You miss my point , It doesn’t matter what the plumber may have thought 

What matters is reality. 

It may have been an honest mistake , it was still the plumber’s mistake


----------



## avenge (Sep 25, 2008)

3 pages of a stain on a drop cloth.


----------



## artinall (Aug 14, 2007)

avenge said:


> 3 pages of a stain on a drop cloth.


But you have to admit, whether it was the cause or not - many people tend to view the painter a little different than other trades. Which is a big lurking problem. "Setting things straight" seems unending.

More attempts are made to take advantage or take liberties... maybe sometimes from HO's than other contractors and it's easy to confuse the two. 

I simply started this thread on finding a way to clean the drop. And it brought this out.


----------



## MarkJames (Nov 25, 2012)

Calidecks said:


> You missed my point. Had he thought that was there to protect the floor from him and put there by the GC or HO his intent was to use it and make sure all wax went on the drop. Maybe he figured it was intended for him.
> 
> 
> Mike.
> _______________


Riiiight. :laughing:


----------



## Calidecks (Nov 19, 2011)

Idothat said:


> You miss my point , It doesn’t matter what the plumber may have thought
> 
> 
> 
> ...




That may be, however he was never able to find out or tell the plumber it was his. So instead he comes on a forum and bad mouths him and doesn't know the whole story. In fact none of us do. Can't expect the plumber to pay for something he didn't know couldn't be used as a drop that was in front of the toilet. (If that's the case)


Mike.
_______________


----------



## Calidecks (Nov 19, 2011)

MarkJames said:


> Riiiight. :laughing:




The point is you don't know because the OP doesn't even know. 


Mike.
_______________


----------



## Calidecks (Nov 19, 2011)

I've protected floors many times as a GC. If a sub got the floor protection dirty, I don't expect him to replace it. 


Mike.
_______________


----------



## pinwheel (Dec 7, 2009)

artinall said:


> I simply started this thread on finding a way to clean the drop. And it brought this out.

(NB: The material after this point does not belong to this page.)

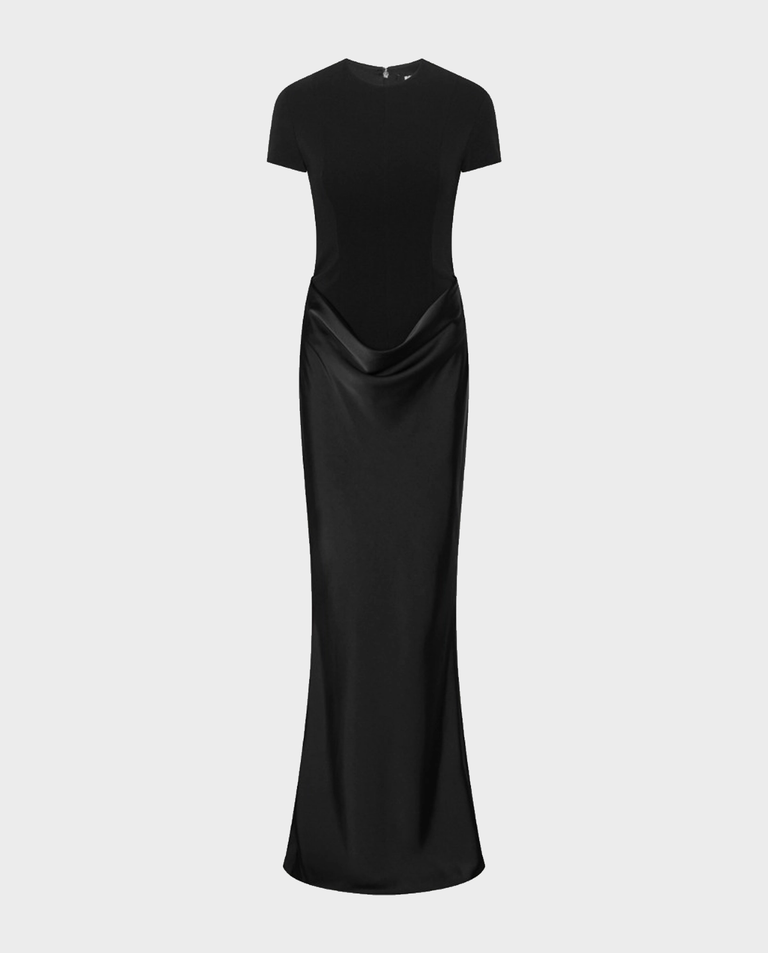 Czarna drapowana sukienka maxi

Did you ever get around to trying the soap & water I suggested?:whistling


----------



## artinall (Aug 14, 2007)

pinwheel said:


> Did you ever get around to trying the soap & water I suggested?:whistling


 Thanx. Not yet, but will. Am working the job every day extended hours til done. HO's waiting to offload furniture...


----------



## Idothat (May 19, 2018)

Calidecks said:


> That may be, however he was never able to find out or tell the plumber it was his. So instead he comes on a forum and bad mouths him and doesn't know the whole story. In fact none of us do. Can't expect the plumber to pay for something he didn't know couldn't be used as a drop that was in front of the toilet. (If that's the case)
> 
> 
> Mike.
> _______________


OP never bad mouthed the plumber , in fact he said he was a nice guy


----------



## MarkJames (Nov 25, 2012)

Calidecks said:


> I've protected floors many times as a GC. If a sub got the floor protection dirty, I don't expect him to replace it.
> 
> 
> Mike.
> _______________


Assuming the bathroom was getting ready for paint (is that ok here?), do you really think the plumber thought the drop cloth "floor protection" was for his dirty toilet water? C'mon. It sounds more like he wasn't going the extra mile for another guy, which is not uncommon.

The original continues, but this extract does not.